ハテヘイ6の日記

ハテヘイは日常の出来事を聖書と関連付けて、それを伝えたいと願っています。

ふくしまという名の舟に乗って

 「憤りは残忍で、怒りはあふれ出る。しかし、ねたみの前にはだれが立ちはだかることができよう」(箴言27:4)。

 しばらくご無沙汰していました。多忙で書く暇もないといったところでした。健康は守られ、浪江視察や台所の補修、8畳板の間では教会の方から頂いたフローリング材を組み合わせて敷き、だいぶ形は整ってきました。それらについてはまた書く機会があると思います。もうそろそろスタイルを変えて、日常的な日記なら続くかなと思っています。閲覧して下さっている皆様には申し訳ない気持ちです。
 福島県いわき市勿来町に引っ越して来てから1年と4ヶ月になります。2駅目の教会に通っていますが、中核となっている会員の方々は、浪江、双葉、大熊、富岡出身の方が多く、6年経過し、今年の避難指定解除後どうするかといった事柄も、直に聞く事が出来ます。左写真は我が家近くの新築災害公営住宅です。夜だから人が住んでいるのがわかります。

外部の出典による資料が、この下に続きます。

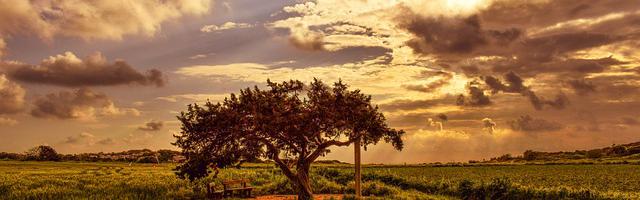 上門龍婿葉辰蕭初然_第2441章 浪子回頭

6年経過しやっと建つところもあります。
 福島第一原発事故の場合、とにかく身一つで、理由も期間も知らされず、強制的に指定されたところに避難しなければならないという大変な試練を経て、それぞれの地域に定着したわけですから、補償を受けるのは当然の権利です。
 けれども教会ではなく、未信徒で震災・津波被害だけに遭い、ロクな補償ももらえなかった人々は、一生涯かけても手に入らない新しい土地と建物、高級車などを身近に見せつけられて、心に複雑な思いを抱き、特に冒頭聖句にあるように「ねたみ」の感情に駆られる人々が実に多いです。特に高級車でパチンコ屋に出かけ、不労所得を得ているような人に対する風当たりが強いです。しかしだいたいはねたむ人も、ねたまれる人も、その感情を心の奥底に隠し、まず口に出す事はありません。

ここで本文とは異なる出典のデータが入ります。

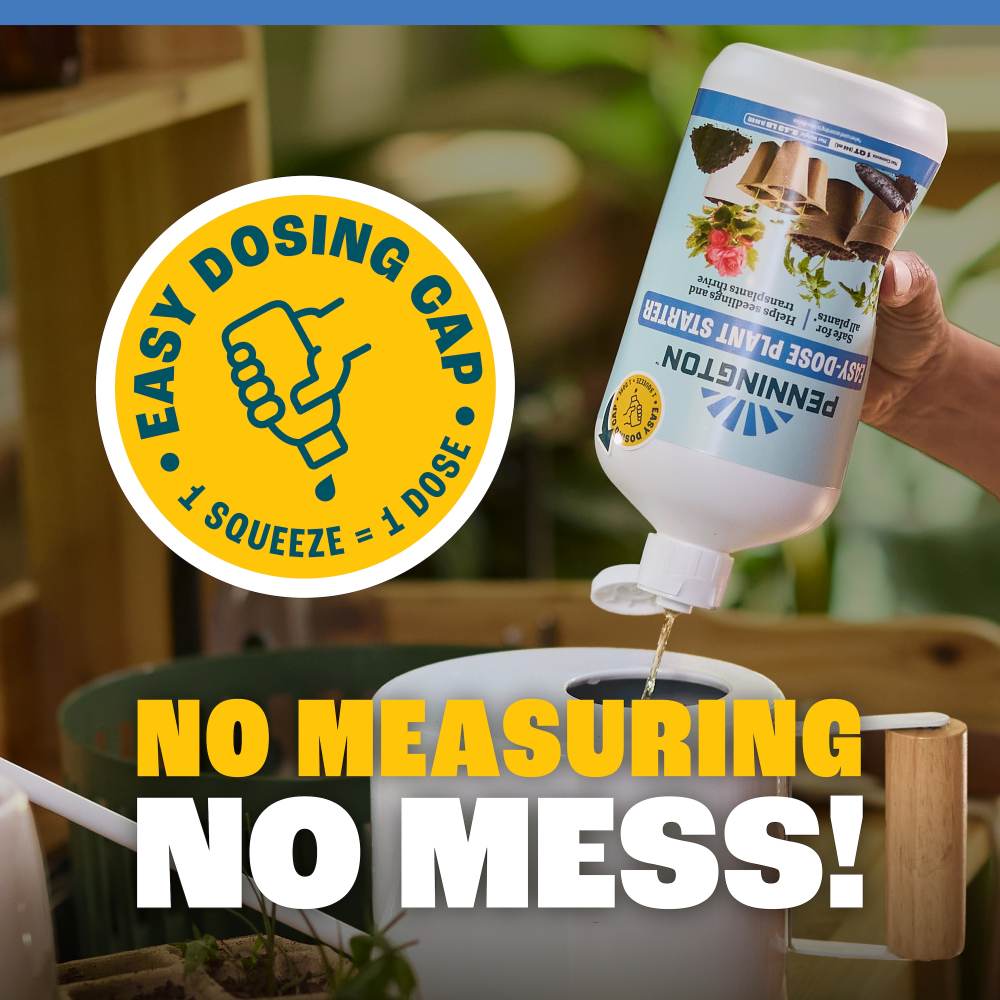 pennington easy dose plant starter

 木村孝夫といういわき市在住の詩人がいます。『ふくしまという名の舟にのって』という作品があります。3・11による大災害を風化させない為に、3年間にわたり見聞きしたり、奉仕活動をしたりして、特に原発災害の事を主体に詩作を纏めています。たくさん紹介したいところですが、紙幅の事もあり、2つだけ一部省略し掲げます。
 『内緒』 「内緒ですよ、と耳元で囁く いわき市に家を買いました 同郷の人には まだ内緒ですが いわき市民になりました 仮設住宅の生活に疲れ ストレスで亡くなる方もいて 私も主人も病院通いの日々です 狭い部屋の中では 新鮮な呼吸をすることもできずに 肺も体も だいぶ小さくなりました 古里を見捨てたようで 心苦しいのですが 新しい住所を泣き泣き買いました…みんな そっと内緒の中で 家を買っているみたいです 悪い事をしたように 頭を下げているのが分かります 私たちもそうでした」。

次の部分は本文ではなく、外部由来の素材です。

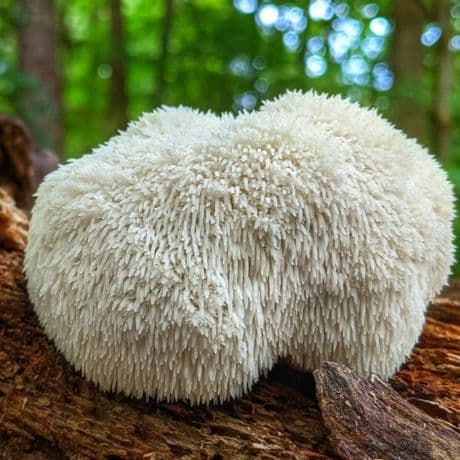 Hydne hérisson (Hericium erinaceus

 『崩れた神話』 「小さな田舎町の山林をブルドーザーで切り崩して 大きな神話を創造した 山林がなだらかな平地に降り立つと あっという間に魔法の箱が幾つも並んだ 神様が約束したような錯覚に溺れながら 魔法の箱を造るたびに 町は潤い人も潤った 魔法の箱は バベルの塔と競い合うように 横へ横へと伸びていった その頃の海は どこまでも透明で 小さな舟は 競い合うことなく 水平線を背景に 海の恵みを上手に分け合っていた…神に挑戦するように 原発は安全だという 神話を作り上げてきた人たち いつの間にか その存在は 生活の骨格の中心に居座るようになった そして長い時間 その神話に寄りかかってきた ある日 大地震がやってきて 大きな津波が神話を飲み込んだ 魔法の箱は煙を吐き出し あっという間に大爆発を起こした 崩れ去った神話の箱から 放射能が漏れ 東北地方の海沿いに降り注いだ 山や海や川や田畑の生活の拠点が 放射能で汚染されてしまった 理由もわからないままに ただ車に乗せられて 道路の不安な曲線を何処までも走った 情報は後から追いかけてくるから 立ち止まるたびに 心の方向を切り替えていった 日本の狭い国土のどの地点で 安心感を享受することが出来るのか 泣くだけ泣いても 今も古里に戻れないでいる 原発の安全が崩れた日を 忘れることはない」。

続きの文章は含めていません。